Schroder European Real Estate Investment Trust (Sereit), the company investing in European growth cities, has acquired a shopping centre in Seville, Spain, in a joint venture, worth about €52.5m (R771m).

Schroder, a rand hedge for South African investors, focuses on European cities, and promises consistent income payouts, as opposed to seeking market-beating capital growth. It has managed to complete its first deal in Spain, one of Europe’s strongly recovering economies.

Spain’s economy grew 3.2% in 2016 and 3.2% in 2015.

Schroder’s portion of the Spanish city was worth €26.3m, reflecting a net initial yield of 6.2%. It represents the first addition to the portfolio outside the core markets of France and Germany.

Sereit fund manager Tony Smedley said Seville was an attractive market, given its status as a tourist destination.

Seville is the capital of Andalucía and Spain’s fourth-largest city and is an important tourist destination. The city is expected to outperform national averages in terms of both economic growth and consumer spending over the next five years, according to Smedley.

"We have been tracking this opportunity for some time and are pleased to complete the purchase. The property has a strong occupational track record, is located in one of the region’s fastest growing conurbations and fits with the wider portfolio strategy to acquire accretive assets that offer an attractive income profile with additional asset management potential," said Smedley.

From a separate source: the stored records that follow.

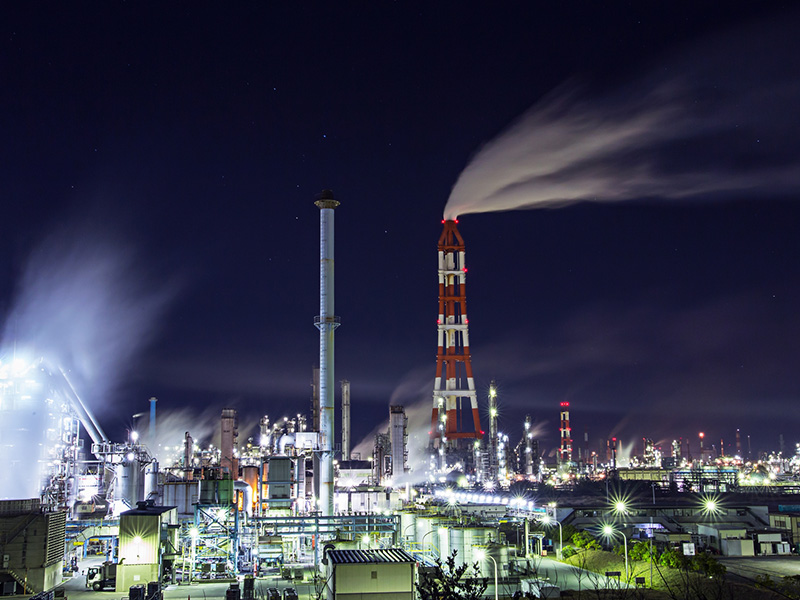 有限会社池田工業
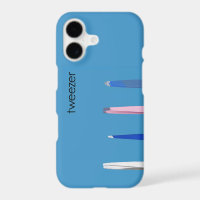 Tweezer Band Parody Album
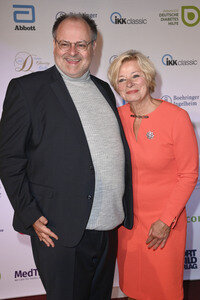 14. Diabetes Charity-Gala 2025 in Berlin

"We are excited to be delivering on our stated initial public offering strategy, building a considerable portfolio of diverse assets that are set to be beneficiaries of the improving economies and the long-term urbanisation theme being witnessed across the European cities in which the company is invested," he said.

Chris Segar of Ivy Asset Management said Sereit was a "compelling investment for retail investors".

"Schroder has a solid track record in property asset management, they have dedicated property people on the ground across many regions of continental Europe, with teams based in London, Paris, Frankfurt, Zurich, Luxembourg and Stockholm. So they have good property expertise and broad coverage, which enables them to actively seek out opportunities, such as properties with decent rental or vacancy reversions, and to take advantage of the large gap between property investment yields and government yields," he said.

The company’s portfolio’s initial yield was 6.3%. With a loan-to-value of 22% and a blended cost of debt of 1.19%, cash-on-cash returns were projected to be between 7% and 9%.

"The fund debuted in December 2015, and in April 2017, management stated that they had a potential property portfolio of €230m, with an existing portfolio value of €180m. So it appears that management have been hard at work on implementing their acquisition strategy, having identified property assets with uplift potential," Segar said.